**Required action**
The lines below starting at the line containing "Graphite:stacked 2D sheets of carbon" and ending at the line containing "Automotive sensor OEM integration support" are to be repeated exactly, with both ends kept and nothing else added.

>>>

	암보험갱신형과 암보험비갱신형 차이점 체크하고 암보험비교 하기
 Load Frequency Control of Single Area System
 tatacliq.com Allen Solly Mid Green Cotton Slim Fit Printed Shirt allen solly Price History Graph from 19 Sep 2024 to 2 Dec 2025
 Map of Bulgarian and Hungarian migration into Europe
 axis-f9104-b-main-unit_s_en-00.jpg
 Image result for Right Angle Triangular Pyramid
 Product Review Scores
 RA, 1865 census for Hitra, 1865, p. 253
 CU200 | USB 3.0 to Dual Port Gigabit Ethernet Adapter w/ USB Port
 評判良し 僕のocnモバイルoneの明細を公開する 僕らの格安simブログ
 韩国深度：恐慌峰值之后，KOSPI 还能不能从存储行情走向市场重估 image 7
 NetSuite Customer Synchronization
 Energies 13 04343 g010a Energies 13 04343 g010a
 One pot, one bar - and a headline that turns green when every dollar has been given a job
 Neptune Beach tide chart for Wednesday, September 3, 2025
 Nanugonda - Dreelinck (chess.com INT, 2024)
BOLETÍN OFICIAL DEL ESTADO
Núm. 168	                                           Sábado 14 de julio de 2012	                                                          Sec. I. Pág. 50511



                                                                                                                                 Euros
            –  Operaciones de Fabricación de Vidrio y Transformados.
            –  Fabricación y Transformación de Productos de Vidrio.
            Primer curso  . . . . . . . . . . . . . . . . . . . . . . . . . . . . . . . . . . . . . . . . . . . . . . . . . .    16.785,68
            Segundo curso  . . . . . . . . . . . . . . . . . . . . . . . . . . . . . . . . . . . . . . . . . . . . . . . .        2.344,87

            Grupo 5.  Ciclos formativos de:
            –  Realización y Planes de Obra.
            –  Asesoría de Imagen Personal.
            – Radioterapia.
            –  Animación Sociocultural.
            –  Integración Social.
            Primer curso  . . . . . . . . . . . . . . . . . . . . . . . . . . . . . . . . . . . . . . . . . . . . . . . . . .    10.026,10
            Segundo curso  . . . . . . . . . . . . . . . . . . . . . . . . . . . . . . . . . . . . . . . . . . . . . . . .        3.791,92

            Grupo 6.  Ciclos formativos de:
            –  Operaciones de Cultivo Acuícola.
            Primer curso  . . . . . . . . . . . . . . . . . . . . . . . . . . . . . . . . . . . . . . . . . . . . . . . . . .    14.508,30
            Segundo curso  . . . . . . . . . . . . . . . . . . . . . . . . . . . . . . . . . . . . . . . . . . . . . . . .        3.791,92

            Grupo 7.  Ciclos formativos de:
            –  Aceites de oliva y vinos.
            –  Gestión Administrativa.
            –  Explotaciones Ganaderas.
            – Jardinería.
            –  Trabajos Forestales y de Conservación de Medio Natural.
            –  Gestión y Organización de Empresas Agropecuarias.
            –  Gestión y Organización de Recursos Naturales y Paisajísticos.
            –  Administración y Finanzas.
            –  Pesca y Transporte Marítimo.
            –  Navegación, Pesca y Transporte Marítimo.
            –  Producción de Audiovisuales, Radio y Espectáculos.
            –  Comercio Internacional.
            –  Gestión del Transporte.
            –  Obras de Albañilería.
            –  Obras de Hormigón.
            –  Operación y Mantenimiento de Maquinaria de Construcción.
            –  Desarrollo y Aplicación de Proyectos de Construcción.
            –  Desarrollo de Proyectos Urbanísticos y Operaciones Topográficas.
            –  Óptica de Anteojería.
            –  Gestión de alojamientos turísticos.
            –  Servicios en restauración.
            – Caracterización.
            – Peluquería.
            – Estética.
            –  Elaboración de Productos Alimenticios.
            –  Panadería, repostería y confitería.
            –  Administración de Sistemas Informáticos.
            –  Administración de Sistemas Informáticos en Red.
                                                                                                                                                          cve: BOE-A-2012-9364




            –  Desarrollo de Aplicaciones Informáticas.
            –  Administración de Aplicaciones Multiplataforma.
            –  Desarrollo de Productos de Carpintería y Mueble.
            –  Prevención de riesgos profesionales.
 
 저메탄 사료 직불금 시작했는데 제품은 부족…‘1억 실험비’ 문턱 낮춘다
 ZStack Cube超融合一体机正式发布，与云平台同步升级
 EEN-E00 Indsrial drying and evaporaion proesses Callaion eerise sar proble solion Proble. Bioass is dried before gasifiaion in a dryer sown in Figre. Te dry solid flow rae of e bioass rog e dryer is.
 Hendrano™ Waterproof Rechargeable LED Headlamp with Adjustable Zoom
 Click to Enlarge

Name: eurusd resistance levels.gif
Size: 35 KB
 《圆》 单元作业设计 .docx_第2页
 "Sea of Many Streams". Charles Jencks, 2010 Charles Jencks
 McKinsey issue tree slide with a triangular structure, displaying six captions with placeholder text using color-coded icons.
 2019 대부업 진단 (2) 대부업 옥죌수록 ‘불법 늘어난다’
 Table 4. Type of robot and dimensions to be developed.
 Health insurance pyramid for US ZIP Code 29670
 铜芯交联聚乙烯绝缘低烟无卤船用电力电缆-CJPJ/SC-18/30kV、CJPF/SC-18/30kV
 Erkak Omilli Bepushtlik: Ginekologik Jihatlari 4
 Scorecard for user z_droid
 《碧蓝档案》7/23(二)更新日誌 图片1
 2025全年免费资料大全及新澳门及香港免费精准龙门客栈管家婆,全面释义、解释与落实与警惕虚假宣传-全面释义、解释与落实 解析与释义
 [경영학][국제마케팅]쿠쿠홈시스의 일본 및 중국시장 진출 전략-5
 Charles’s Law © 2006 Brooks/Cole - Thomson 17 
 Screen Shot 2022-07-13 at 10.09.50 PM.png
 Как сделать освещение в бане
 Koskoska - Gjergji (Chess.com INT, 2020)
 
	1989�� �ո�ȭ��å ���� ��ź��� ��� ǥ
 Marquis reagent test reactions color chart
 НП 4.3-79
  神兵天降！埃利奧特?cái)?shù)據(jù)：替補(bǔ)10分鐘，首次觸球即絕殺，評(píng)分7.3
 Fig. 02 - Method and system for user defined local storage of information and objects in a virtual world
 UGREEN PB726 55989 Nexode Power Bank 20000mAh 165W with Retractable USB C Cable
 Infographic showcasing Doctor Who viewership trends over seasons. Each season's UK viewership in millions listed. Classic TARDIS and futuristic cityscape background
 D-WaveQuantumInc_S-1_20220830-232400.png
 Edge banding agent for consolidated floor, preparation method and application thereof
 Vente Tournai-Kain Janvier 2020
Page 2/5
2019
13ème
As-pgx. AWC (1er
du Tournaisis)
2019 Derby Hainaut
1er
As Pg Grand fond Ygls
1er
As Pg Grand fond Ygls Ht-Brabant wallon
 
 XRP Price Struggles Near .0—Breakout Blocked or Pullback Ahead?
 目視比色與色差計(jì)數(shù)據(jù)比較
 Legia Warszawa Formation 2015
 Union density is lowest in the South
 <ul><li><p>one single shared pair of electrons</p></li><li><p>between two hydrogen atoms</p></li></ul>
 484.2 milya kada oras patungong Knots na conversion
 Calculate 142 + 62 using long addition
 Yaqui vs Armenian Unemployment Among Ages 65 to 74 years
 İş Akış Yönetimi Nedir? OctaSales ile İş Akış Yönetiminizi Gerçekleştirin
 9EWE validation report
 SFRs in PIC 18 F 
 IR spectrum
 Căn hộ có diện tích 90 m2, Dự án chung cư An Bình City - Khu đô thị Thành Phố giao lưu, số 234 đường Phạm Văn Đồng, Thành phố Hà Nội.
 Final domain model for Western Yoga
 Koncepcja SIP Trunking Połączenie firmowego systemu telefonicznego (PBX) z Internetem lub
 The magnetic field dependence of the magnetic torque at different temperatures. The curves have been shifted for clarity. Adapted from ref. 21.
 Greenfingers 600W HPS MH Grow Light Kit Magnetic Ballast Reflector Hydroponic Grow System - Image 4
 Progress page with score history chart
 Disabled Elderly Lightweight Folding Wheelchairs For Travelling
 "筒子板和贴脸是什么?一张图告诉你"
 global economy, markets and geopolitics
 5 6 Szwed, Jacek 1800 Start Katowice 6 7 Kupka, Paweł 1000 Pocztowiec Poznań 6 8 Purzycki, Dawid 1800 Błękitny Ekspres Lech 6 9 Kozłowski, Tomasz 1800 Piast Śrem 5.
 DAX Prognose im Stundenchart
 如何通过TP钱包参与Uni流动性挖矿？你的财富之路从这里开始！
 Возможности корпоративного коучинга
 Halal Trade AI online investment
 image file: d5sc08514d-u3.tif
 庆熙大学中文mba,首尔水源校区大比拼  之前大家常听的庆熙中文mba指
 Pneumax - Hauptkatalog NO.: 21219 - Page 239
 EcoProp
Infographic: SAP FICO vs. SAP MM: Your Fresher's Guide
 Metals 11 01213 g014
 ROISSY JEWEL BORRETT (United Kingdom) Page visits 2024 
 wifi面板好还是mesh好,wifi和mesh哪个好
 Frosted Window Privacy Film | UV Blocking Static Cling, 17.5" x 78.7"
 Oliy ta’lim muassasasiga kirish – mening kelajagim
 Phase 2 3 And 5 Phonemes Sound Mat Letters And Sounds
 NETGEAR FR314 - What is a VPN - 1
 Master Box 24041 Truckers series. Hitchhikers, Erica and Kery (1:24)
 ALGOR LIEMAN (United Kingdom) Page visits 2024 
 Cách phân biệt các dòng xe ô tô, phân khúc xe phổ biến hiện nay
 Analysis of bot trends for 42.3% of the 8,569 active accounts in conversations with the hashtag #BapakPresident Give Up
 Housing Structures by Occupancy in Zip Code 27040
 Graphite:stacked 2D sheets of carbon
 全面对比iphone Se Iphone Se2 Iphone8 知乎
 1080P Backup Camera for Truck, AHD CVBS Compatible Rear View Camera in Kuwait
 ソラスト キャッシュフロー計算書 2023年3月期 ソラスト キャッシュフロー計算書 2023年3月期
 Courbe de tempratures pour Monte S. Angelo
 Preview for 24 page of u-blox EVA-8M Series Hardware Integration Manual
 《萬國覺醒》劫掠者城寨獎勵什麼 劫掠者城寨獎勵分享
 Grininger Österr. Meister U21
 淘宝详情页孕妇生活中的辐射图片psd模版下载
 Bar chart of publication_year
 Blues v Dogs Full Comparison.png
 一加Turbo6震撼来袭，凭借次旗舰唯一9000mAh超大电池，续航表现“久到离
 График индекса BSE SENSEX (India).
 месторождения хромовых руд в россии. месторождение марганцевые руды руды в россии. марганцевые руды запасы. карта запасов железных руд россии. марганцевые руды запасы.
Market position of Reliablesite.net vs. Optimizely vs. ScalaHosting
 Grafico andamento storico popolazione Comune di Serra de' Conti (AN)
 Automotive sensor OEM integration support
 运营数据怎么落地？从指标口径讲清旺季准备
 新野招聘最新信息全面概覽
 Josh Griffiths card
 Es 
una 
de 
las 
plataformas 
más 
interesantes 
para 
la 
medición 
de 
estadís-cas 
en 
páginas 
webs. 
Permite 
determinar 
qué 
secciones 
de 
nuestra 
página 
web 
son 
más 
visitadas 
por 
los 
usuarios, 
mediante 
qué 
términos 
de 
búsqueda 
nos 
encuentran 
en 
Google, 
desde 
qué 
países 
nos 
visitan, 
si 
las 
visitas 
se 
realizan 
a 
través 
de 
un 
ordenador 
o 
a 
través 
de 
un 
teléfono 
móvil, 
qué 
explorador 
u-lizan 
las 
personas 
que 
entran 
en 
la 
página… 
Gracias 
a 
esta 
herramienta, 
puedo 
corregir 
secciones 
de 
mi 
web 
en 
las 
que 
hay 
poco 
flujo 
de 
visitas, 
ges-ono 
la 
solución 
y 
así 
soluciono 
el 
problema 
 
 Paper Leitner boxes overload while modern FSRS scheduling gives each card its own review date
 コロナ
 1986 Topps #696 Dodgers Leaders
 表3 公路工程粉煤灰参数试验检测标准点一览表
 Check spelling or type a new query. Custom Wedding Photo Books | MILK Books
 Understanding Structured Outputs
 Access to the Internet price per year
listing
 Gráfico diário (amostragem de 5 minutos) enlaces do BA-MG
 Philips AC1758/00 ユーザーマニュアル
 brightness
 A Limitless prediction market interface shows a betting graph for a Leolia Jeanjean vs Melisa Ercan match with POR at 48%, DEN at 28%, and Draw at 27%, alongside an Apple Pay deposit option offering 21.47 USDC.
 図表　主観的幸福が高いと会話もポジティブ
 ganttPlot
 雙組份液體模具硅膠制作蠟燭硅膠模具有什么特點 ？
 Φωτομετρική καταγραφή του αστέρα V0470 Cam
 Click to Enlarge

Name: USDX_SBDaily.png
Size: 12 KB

<<<

**Your solution**
 Graphite:stacked 2D sheets of carbon
 全面对比iphone Se Iphone Se2 Iphone8 知乎
 1080P Backup Camera for Truck, AHD CVBS Compatible Rear View Camera in Kuwait
 ソラスト キャッシュフロー計算書 2023年3月期 ソラスト キャッシュフロー計算書 2023年3月期
 Courbe de tempratures pour Monte S. Angelo
 Preview for 24 page of u-blox EVA-8M Series Hardware Integration Manual
 《萬國覺醒》劫掠者城寨獎勵什麼 劫掠者城寨獎勵分享
 Grininger Österr. Meister U21
 淘宝详情页孕妇生活中的辐射图片psd模版下载
 Bar chart of publication_year
 Blues v Dogs Full Comparison.png
 一加Turbo6震撼来袭，凭借次旗舰唯一9000mAh超大电池，续航表现“久到离
 График индекса BSE SENSEX (India).
 месторождения хромовых руд в россии. месторождение марганцевые руды руды в россии. марганцевые руды запасы. карта запасов железных руд россии. марганцевые руды запасы.
Market position of Reliablesite.net vs. Optimizely vs. ScalaHosting
 Grafico andamento storico popolazione Comune di Serra de' Conti (AN)
 Automotive sensor OEM integration support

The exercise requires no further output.